● **Activity**: Once you find the line below that has "Ostrich Line Art", output it and every line after it exactly, stopping after the line that has "Joan Snow PreK Center tweet media", with no pictures.

● **Dataset**:
..........
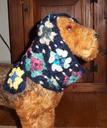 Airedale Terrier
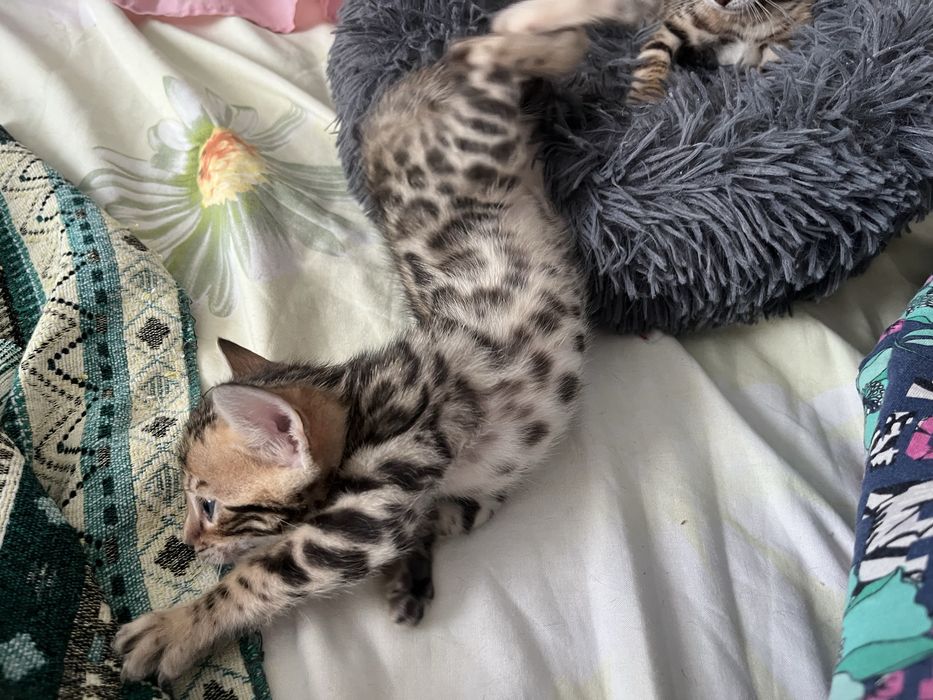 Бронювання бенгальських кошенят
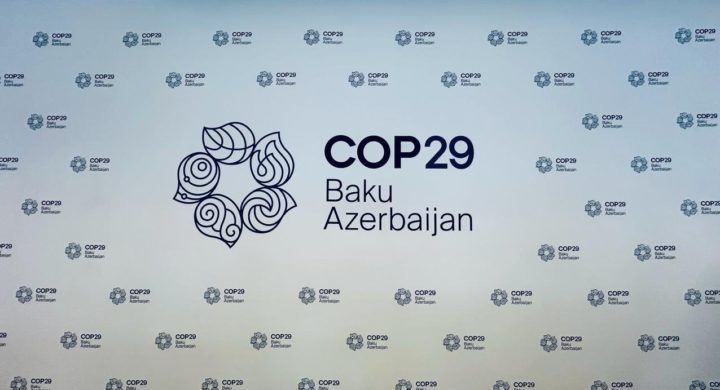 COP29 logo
..........
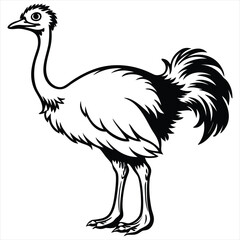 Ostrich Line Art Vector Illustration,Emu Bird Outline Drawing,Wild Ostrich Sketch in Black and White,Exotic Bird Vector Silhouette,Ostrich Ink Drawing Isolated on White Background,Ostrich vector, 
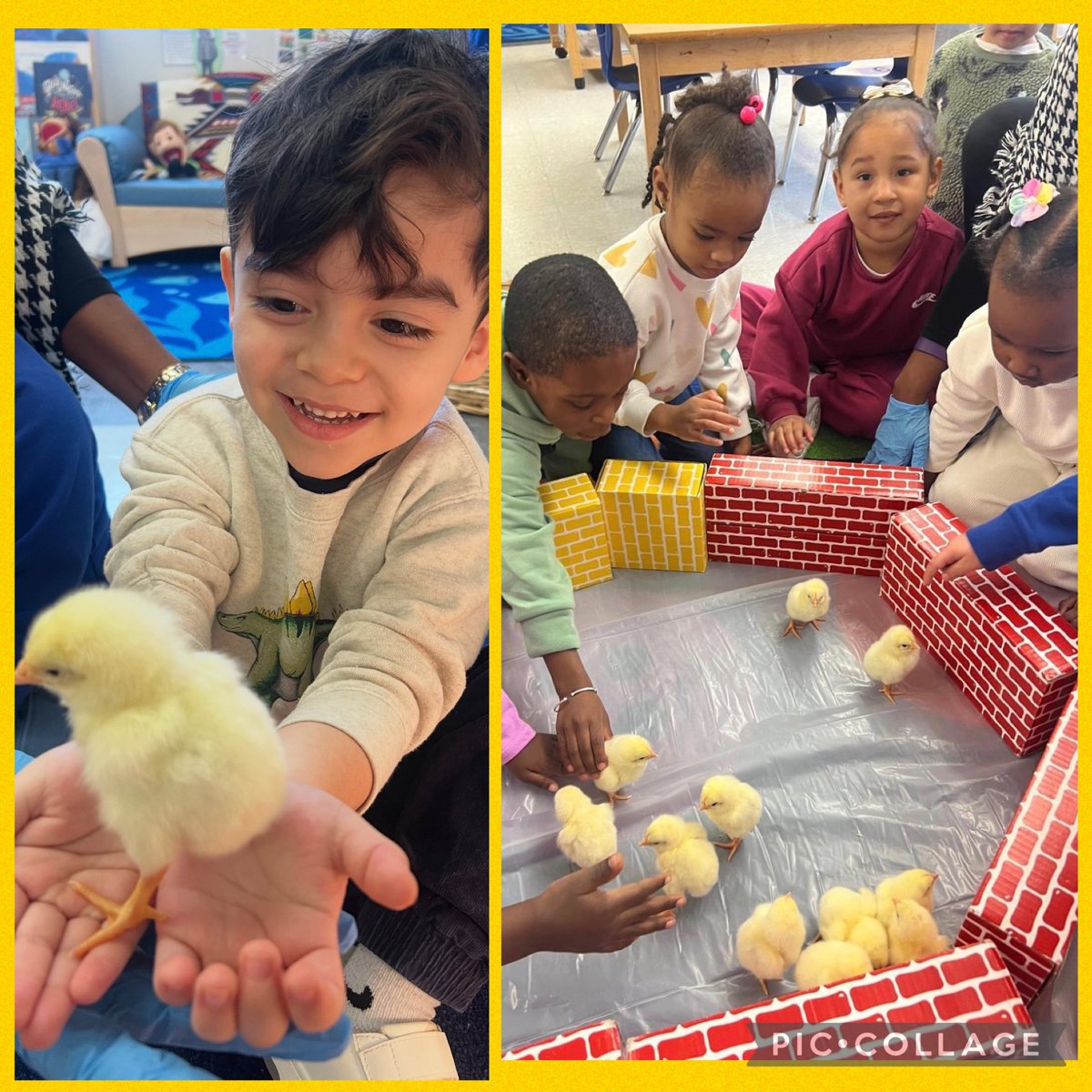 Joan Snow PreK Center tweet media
..........
● **Solution to this exercise**:
 Ostrich Line Art Vector Illustration,Emu Bird Outline Drawing,Wild Ostrich Sketch in Black and White,Exotic Bird Vector Silhouette,Ostrich Ink Drawing Isolated on White Background,Ostrich vector, 
 Joan Snow PreK Center tweet media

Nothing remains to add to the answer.